WHAT IS EXPECTED.
Copy exactly the lines of the material below that fall between the line with "BC EASY 4, Caricabatteria" and the line with "Noco GB70 Genius", both of those lines included; pictures stay out.

RECORDED DATA.
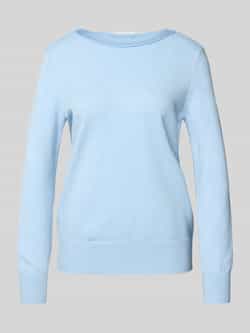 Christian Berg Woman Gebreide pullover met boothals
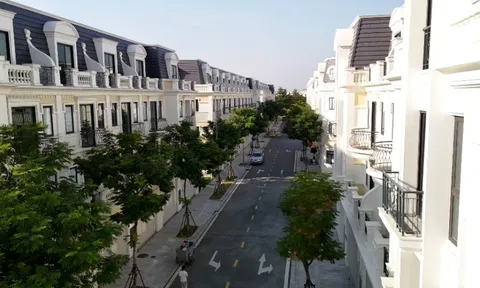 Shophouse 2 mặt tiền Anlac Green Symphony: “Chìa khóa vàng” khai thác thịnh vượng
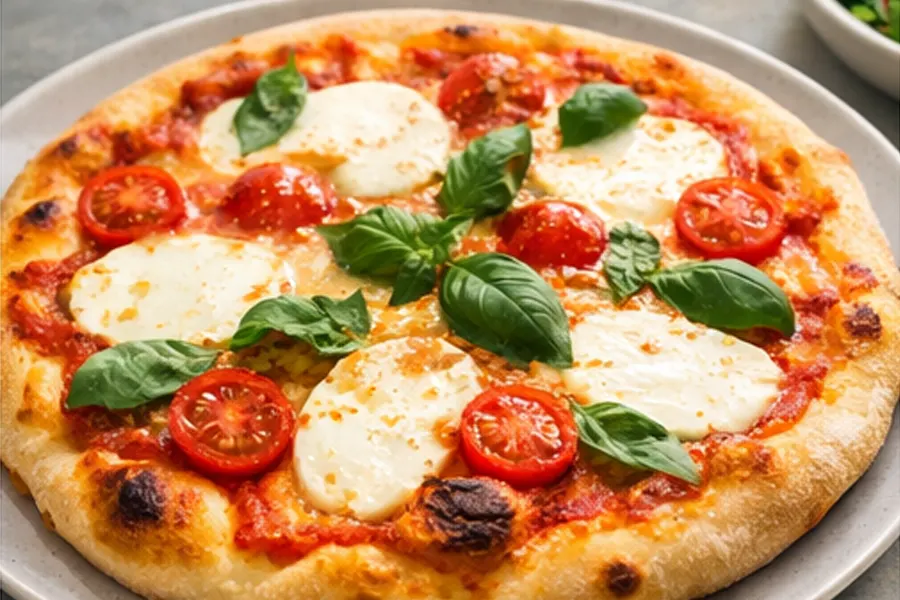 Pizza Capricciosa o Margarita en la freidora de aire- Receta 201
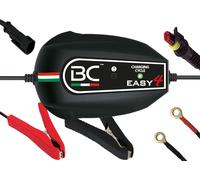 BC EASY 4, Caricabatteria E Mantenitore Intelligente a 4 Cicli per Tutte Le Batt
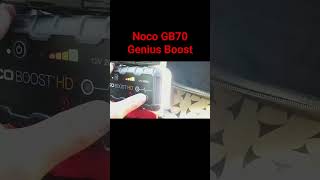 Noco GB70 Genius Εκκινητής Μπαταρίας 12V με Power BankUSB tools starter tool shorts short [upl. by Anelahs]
* * *
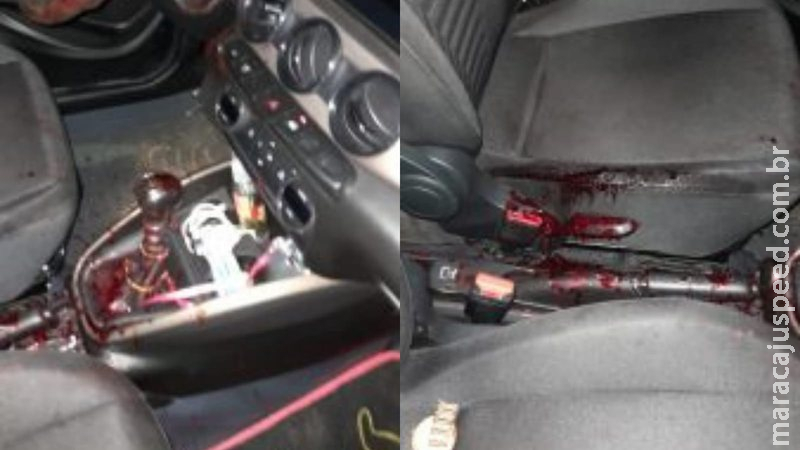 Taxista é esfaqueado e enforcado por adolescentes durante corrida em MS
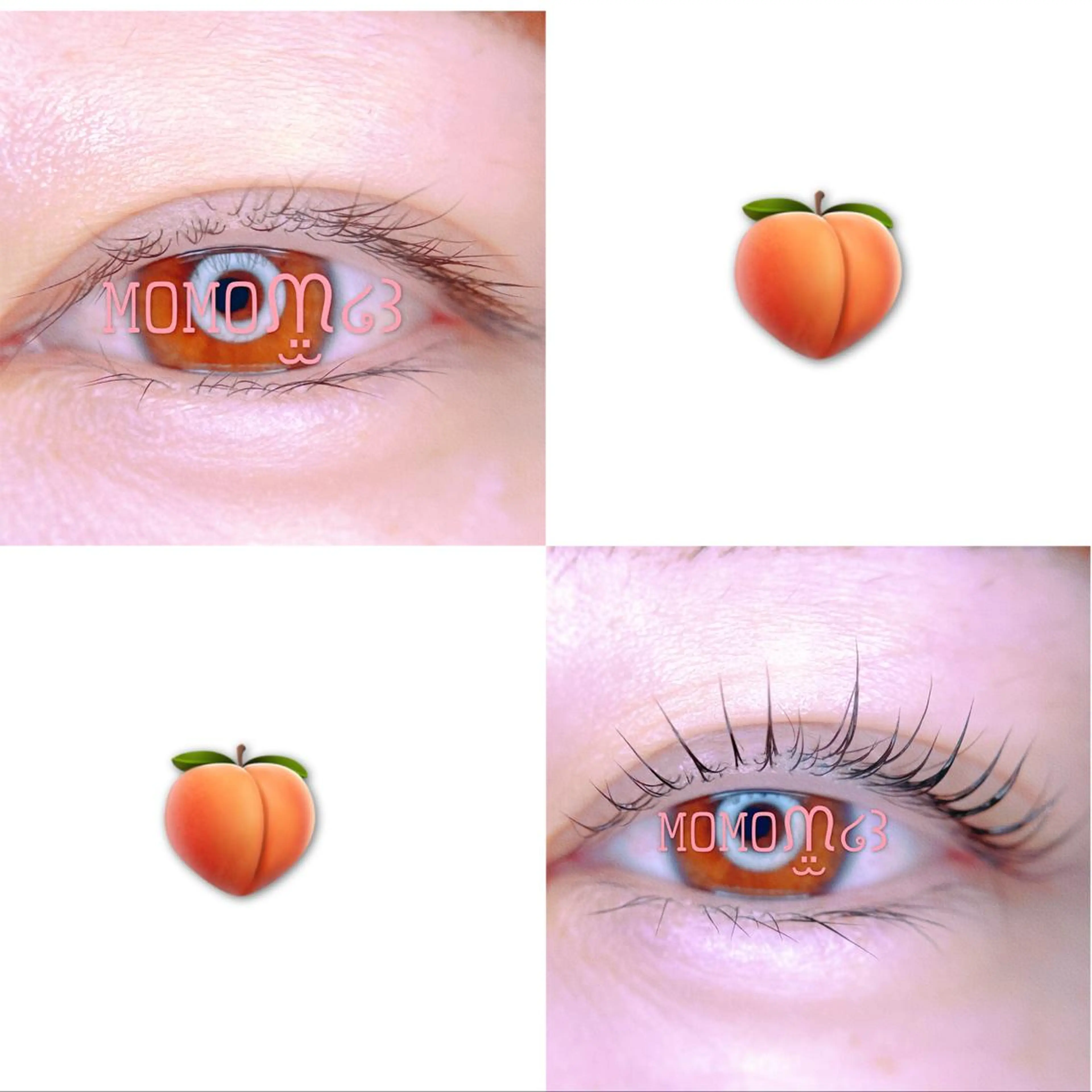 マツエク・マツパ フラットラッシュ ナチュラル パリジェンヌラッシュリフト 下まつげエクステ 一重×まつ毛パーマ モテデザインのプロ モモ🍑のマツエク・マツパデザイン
==
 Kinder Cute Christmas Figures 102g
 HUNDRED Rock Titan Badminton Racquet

ANSWER TO THIS EXERCISE.
 BC EASY 4, Caricabatteria E Mantenitore Intelligente a 4 Cicli per Tutte Le Batt
 Noco GB70 Genius Εκκινητής Μπαταρίας 12V με Power BankUSB tools starter tool shorts short [upl. by Anelahs]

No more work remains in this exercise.